Monday, August 27, 2007

Articles on Suicide

Psychiatry Drug Alerts reviewed three studies, with a combined total of 109,000 patients. Attempts increased prior to treatment, peaking in the month prior to treatment, dropping steeply after the start of treatment, and continuing to decrease as treatment continued. This conclusion contradicts the FDA Psychopharmacology Committee black box warning, and makes it garbage science. The same conclusion resulted from a separate VA study of adults, that SSRI anti-depressants do not increase the risk of suicide. (Psychiatry Drug Alerts 21: 57-58)

Decision making in suicidal patients was tested with a standardized gambling test. Subjects learn to defer immediate rewards to get long-term rewards. Their score correlated with interpersonal difficulties in the affective domain. (J Affect Disord 99:59-62, 2007)

Patients over 50 with major depression had more impulsive suicide attempts with cognition problems, disability, and impaired self-care. They prepared for a suicide more often when older, isolated or living alone. (J Affect Disord 97:123-128, 2007)

Blacks do not have lower rates of suicidality. The lifetime prevalence of attempts was 4.1%, for suicidal ideas, 11.7%. In the first year of ideas, 77% progressed to an attempt. Increased risk associated with a younger cohort, lower educational attainment, living in the Midwest. These rates are those of the general population, and not lower. (JAMA 26:2112-2123, 2006)

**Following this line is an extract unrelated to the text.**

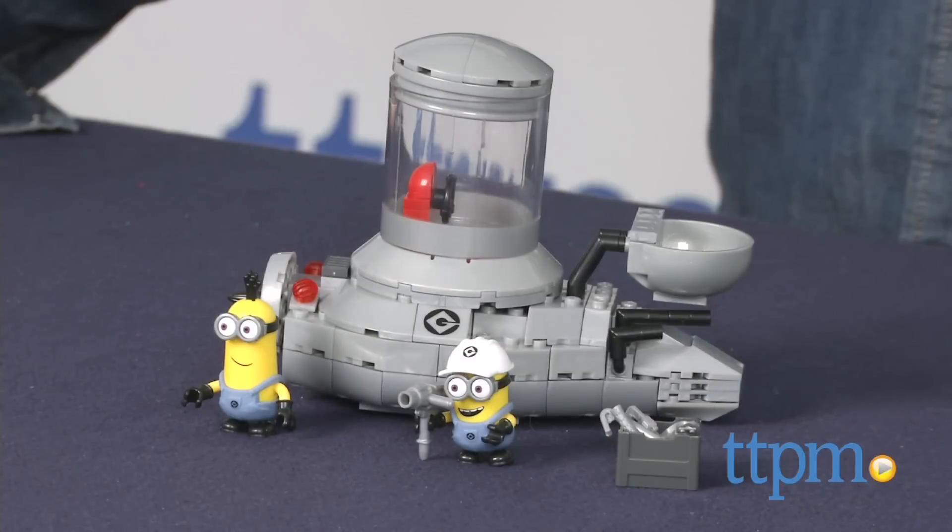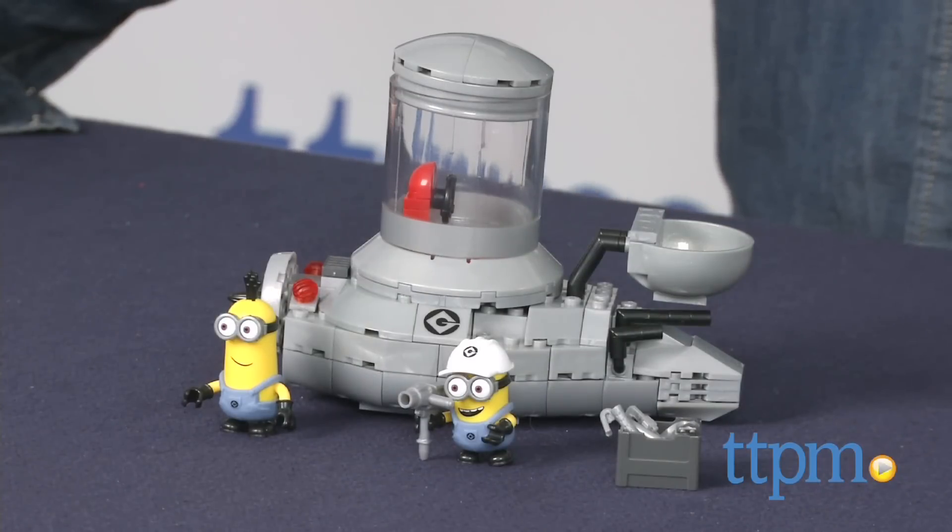The Despicable Me 2 Minion Mobile is available now, so check it out. And for more reviews, including more Despicable Me toys, subscribe to our YouTube channel and check us out at TTPM, where you can also find the best online prices and availability.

Compared to depressed controls, adult patients with depression and a history of child abuse more often attempted suicide, got rated as impulsive and aggressive. Those who attempted suicide (71% v. 43% in the control group), had higher scores for impulsivity and aggression. (Am J Pscyhiat 158:1871-1877, 2001)

Of over 3000 female twins, ages 13 to 19, 4% reported attempting suicide before age 17. About half the attempters and a twelfth of the non-attempters had depression. Other risk factors included childhood physical abuse, social phobia, alcohol dependence, being black, and having conduct disorder. Risk increased 4 to 10 fold if a relative had died of suicide. The identical twin concordance rate was 25%, and 13% for dizygotic twins. Aside from psychopathology association with suicide, a familial link exists. (J Am Acad Child Adol Psychiat 40:1300-1207, 2001)

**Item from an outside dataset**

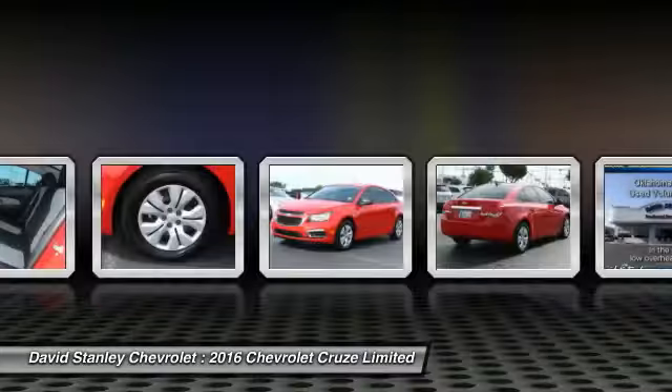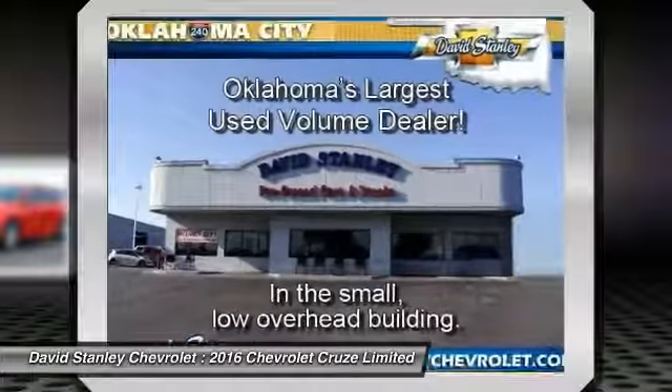Power windows. Security system. Electronic stability control. Come see the car for yourself.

The highest levels of suicidal ideas take place in bipolar patients during the mixed phase. Age and depth of depression predicted suicide attempts. Anxiety did not. Patients did not make suicide attempts during mania. (J Affect Disord 2007; 97:101-107)

Among depressed patients, 16% reported prior suicide attempts. These were less educated, less likely married, more likely unemployed, with more substance abuse, co-morbidities, and PTSD. They had earlier onsets, increased severity, more episodes, and greater risk of suicidal behavior than the other depressed patients. (J Affect Disord 97:77-84, 2007)

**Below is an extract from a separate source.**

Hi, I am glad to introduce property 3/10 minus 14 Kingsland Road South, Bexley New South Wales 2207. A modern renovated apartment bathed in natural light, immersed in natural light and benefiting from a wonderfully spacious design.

A quarter of elderly depressed patients had suicidality. In half the suicidal patients, suicidality resolved after a month. In a quarter, it emerged late in treatment. About a quarter never experienced suicidality at any time. Suicidal and non-suicidal patients had equal severity of depression. The suicidal group has more anxiety, earlier onsets, more low self-eateem, and partial or no response to treatment. (J Affect Disord 2007; 98:153-161)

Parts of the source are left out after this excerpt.